When you hear the word ‘alchemy’- what is your first mental image? Is it a medieval wizard in long robes, standing over a bubbling cauldron? A steam punk mad scientist in a lab surrounded by a tangle of tubes and hazy smoke? It turns out neither of those ideas are all the way wrong or right. Alchemy is an idealistic mash-up of science and natural philosophy. It is intriguing that so many different peoples and cultures across four millennia and three continents all independently developed their own practices of alchemy. The official definition says alchemy is, “the medieval forerunner of chemistry, based on the supposed transformation of matter.” So… can we turn this… into that? The most well-known hypothetical ‘this to that’ is- can we turn lead into gold?


Our knowledge of alchemy starts in the east and then moves west. We have records of alchemy first coming onto the scene in ancient China and on the Indian subcontinent. It then appears in the Greco-Roman Egypt sphere and the Islamic world before alchemy finally appears in medieval Europe.
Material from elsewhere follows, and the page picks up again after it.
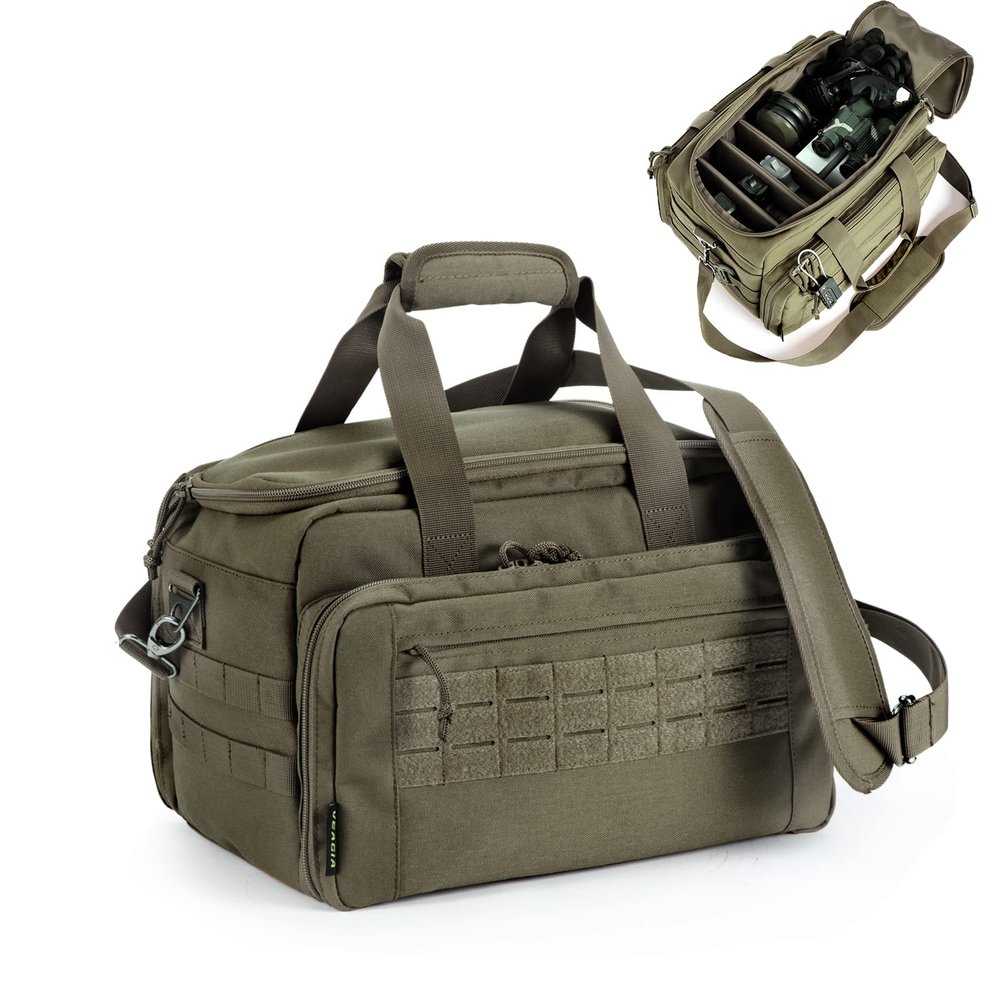 VEAGIA Pistol range bag Gun bag Pistol case Gun case Magazine Lockable double-layer explosion proof zipper Pistol Soft Carrying Bags (ArmyGreen 2.0)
Ancient China did not have an abundance of gold as an easy natural resource like Egypt or Peru. The great scarcity of gold may have spurred the practice of alchemy into creation. We want gold… we can’t find much around us… let’s try and make it! The Chinese thought minerals and metals had a life cycle, where they slowly morphed into other substances- so left alone in nature, lead would gradually become silver and then eventually, gold. Alchemists believed they could do this natural process of change faster and better in their laboratory through methods like roasting, straining and mixing. What they really ended up doing was founding the origins of modern chemistry. Though variations of alchemy existed in so many places- each culture had slightly different goals. Yes, they all wanted to create gold- but the ancient Chinese had an even higher goal than fattening wallets. The Chinese believed gold was their ticket… to immortality.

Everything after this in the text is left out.